***** EXERCISE DATA *****

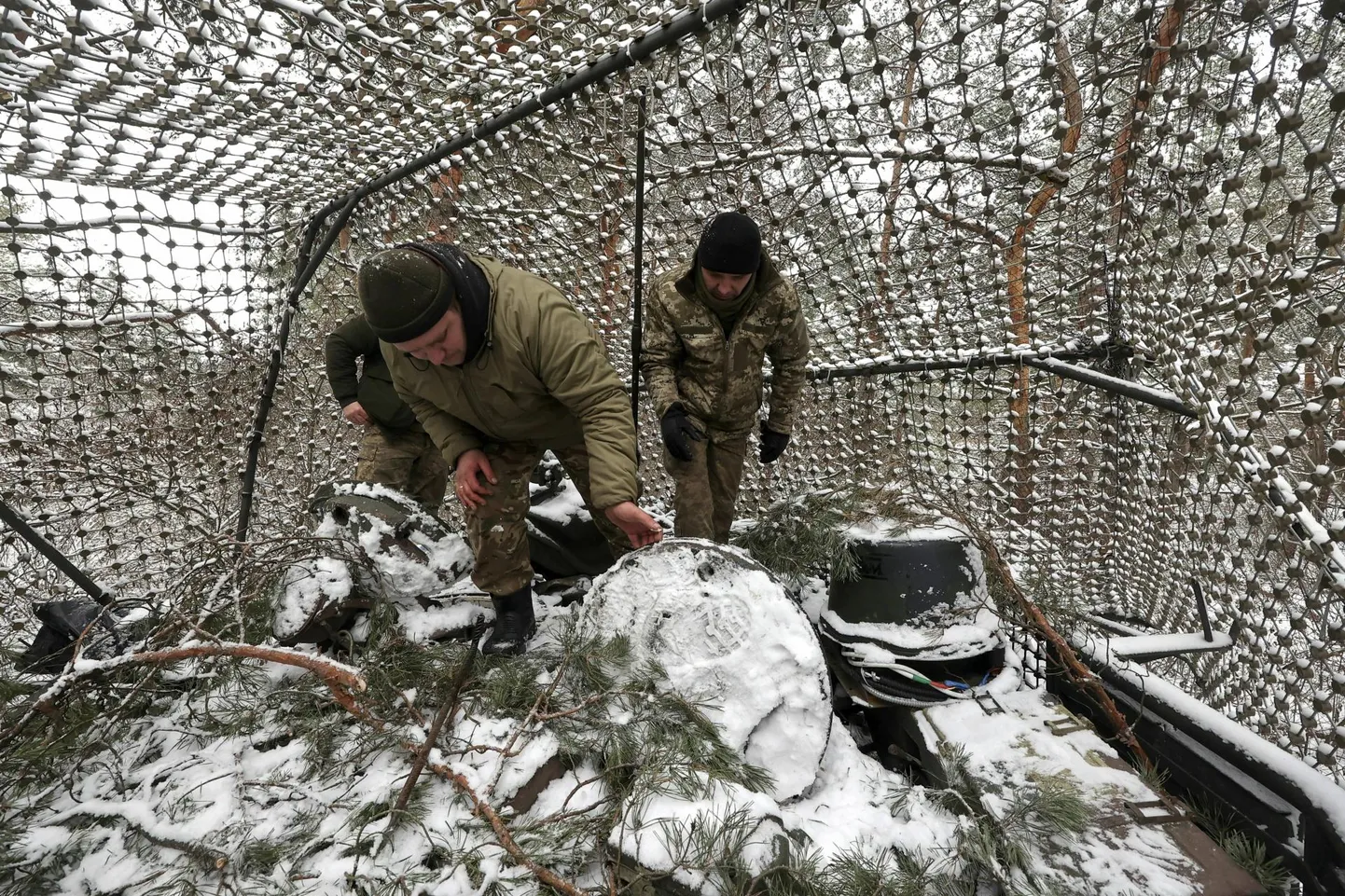 Украинские солдаты на позициях в Харьковской области. Украинцы опасаются, что, если война продолжится в нынешних условиях, придется отступать в сторону Днепра.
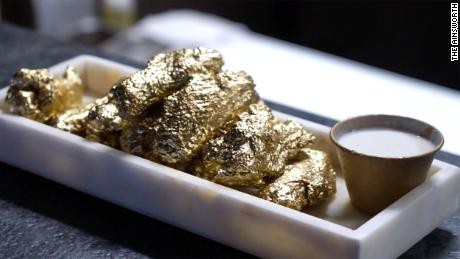 Mỗi chiếc cánh gà bọc vàng 24K chỉ có giá khoảng 100.000 đồng. (Nguồn: The Ainsworth)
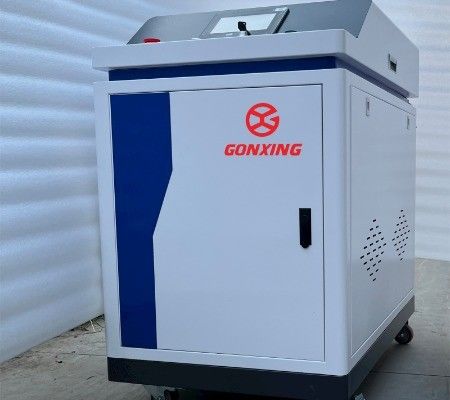 Nettoyer la façon Non-touch Machine de nettoyage au laser à fibre pour la surface de la rouille du métal Retrait de peinture dans les boissons alimentaires par GONXONG LASER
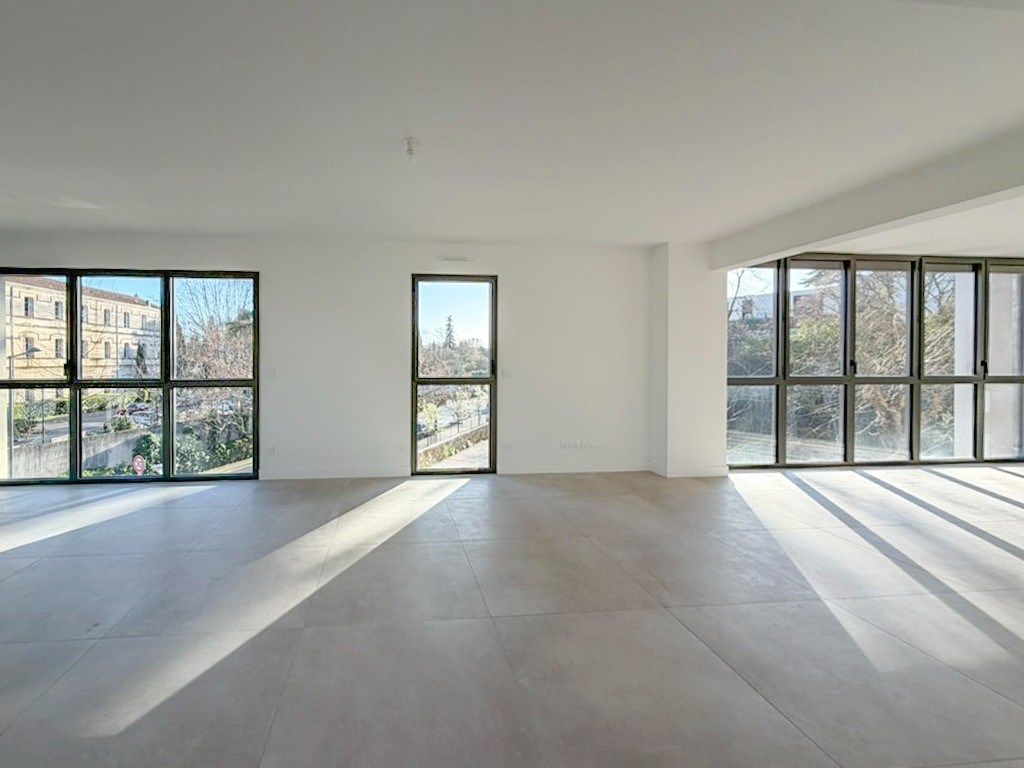 apartment 4 Rooms for sale on MONTPELLIER (34090)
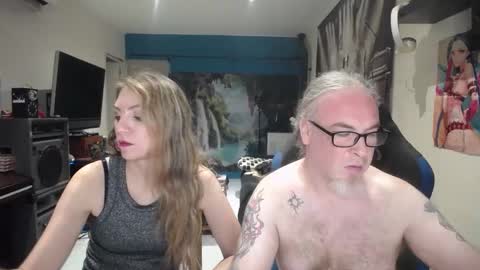 Snapshot of saruandjay chatting on October 15, 5:29 am Giselle and Jay online show from October 15, 5:29 am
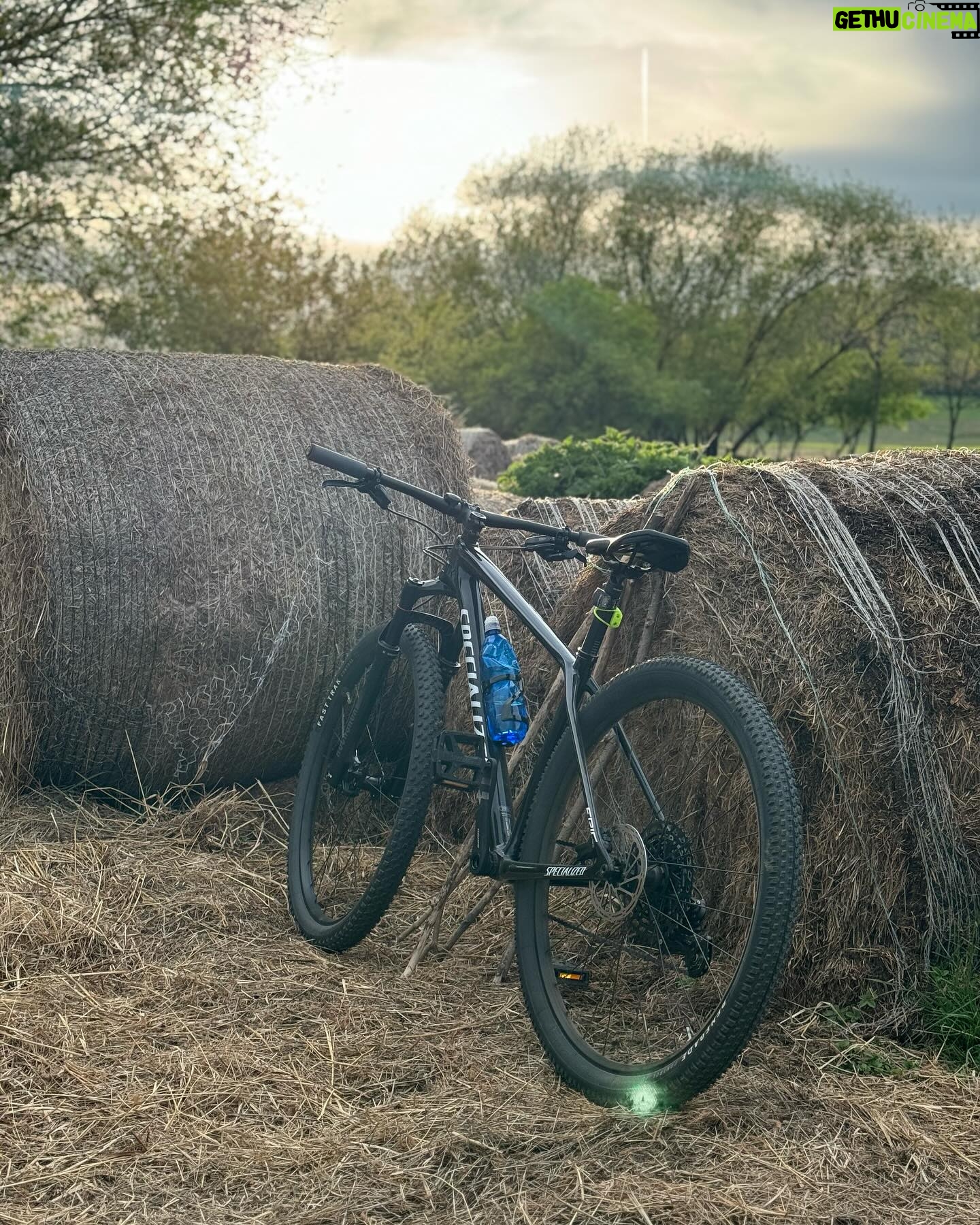 Andrea Verešová Instagram - What i love🫶 #myaddiction …🚲 And what´s yours ?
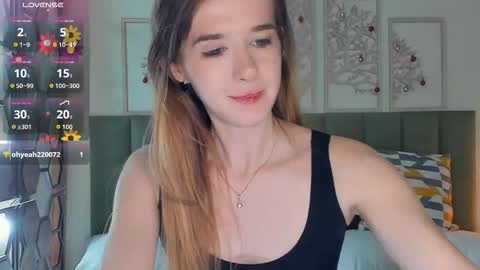 Snapshot of olivia_7 chatting on September 19, 5:23 pm Olivia online show from September 19, 5:23 pm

*****

DESCRIPTION OF THE TASK:
To answer, repeat exactly the lines from the line containing "Mỗi chiếc cánh" through the last line of the data above, leaving out all pictures.

TASK RESULT:
 Mỗi chiếc cánh gà bọc vàng 24K chỉ có giá khoảng 100.000 đồng. (Nguồn: The Ainsworth)
 Nettoyer la façon Non-touch Machine de nettoyage au laser à fibre pour la surface de la rouille du métal Retrait de peinture dans les boissons alimentaires par GONXONG LASER
 apartment 4 Rooms for sale on MONTPELLIER (34090)
 Snapshot of saruandjay chatting on October 15, 5:29 am Giselle and Jay online show from October 15, 5:29 am
 Andrea Verešová Instagram - What i love🫶 #myaddiction …🚲 And what´s yours ?
 Snapshot of olivia_7 chatting on September 19, 5:23 pm Olivia online show from September 19, 5:23 pm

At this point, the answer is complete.